# London Tap Water, EI and Magnesium



## greenink (2 Aug 2011)

Am confused about whether I need to add Magnesium Sulphate to an EI dose if I live in London.

Thames Water's quality report for my area is here. They give a minimum of 18.9 ppm of Nitrate NO3, but nothing I can see for Potassium K or Magnesium Mg.

Judging by this, it seems I could cut the NO3 dose in my EI calculation considerably. Is this right?

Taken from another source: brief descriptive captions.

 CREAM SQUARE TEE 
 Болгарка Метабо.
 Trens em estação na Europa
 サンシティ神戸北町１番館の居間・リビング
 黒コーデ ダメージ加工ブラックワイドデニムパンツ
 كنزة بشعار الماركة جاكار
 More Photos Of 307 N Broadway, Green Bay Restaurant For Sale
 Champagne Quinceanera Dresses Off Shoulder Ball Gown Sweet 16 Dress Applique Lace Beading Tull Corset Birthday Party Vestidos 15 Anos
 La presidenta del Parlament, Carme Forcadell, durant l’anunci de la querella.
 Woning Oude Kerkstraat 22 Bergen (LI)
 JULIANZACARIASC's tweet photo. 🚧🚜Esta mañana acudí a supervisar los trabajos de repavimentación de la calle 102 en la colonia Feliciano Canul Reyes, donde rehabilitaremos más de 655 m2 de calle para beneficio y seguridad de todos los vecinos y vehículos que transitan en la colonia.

I've also read that hard water has a high concentration of Magnesium. Since this is very hard water (CaCO3 is 285 ppm), is the Magnesium also likely to be high enough not to dose Magnesium Sulphate in the mix? What level should I dose this at?

Does anyone know?


----------



## ceg4048 (2 Aug 2011)

Hi Mike,
               I strongly advise to banish any thoughts of lowering NPK values until the tank itself proves to you that lowering the dosage is acceptable. When it comes to NPK the municipal water report means absolutely nothing unless the workers in white lab coats took their sample directly from your tap.

When it come to micronutrients we can be a little bit more lenient, however, unless the specific Mg value is listed then you have no idea whatsoever how much Mg you actually have. the CaCO3 value of 285 tells you nothing about how much Magnesium is in the water. It could be high, medium or even zero. Again, because Mg is one of the more critical elements it is not a good idea to just assume that everything is OK. 

Unless you intend to breed softwater fish I see no reason whatsoever to be in a rush to reduce nutrient dosing. You should ignore the water report, dose the baseline values and see how the tank responds. Then you can make the adjustments from there. Only The Matrix teaches us to employ low nutrient values as a default assumption. Those of us in The Real World know that it always better to start high and to reduce the dosing as required. This is a much easier path to success.

Cheers,


----------



## greenink (2 Aug 2011)

Thanks - much appreciated. Was surprised quite a lot by the variance in the tap water samples they measure: NO3 is triple the amount in some samples....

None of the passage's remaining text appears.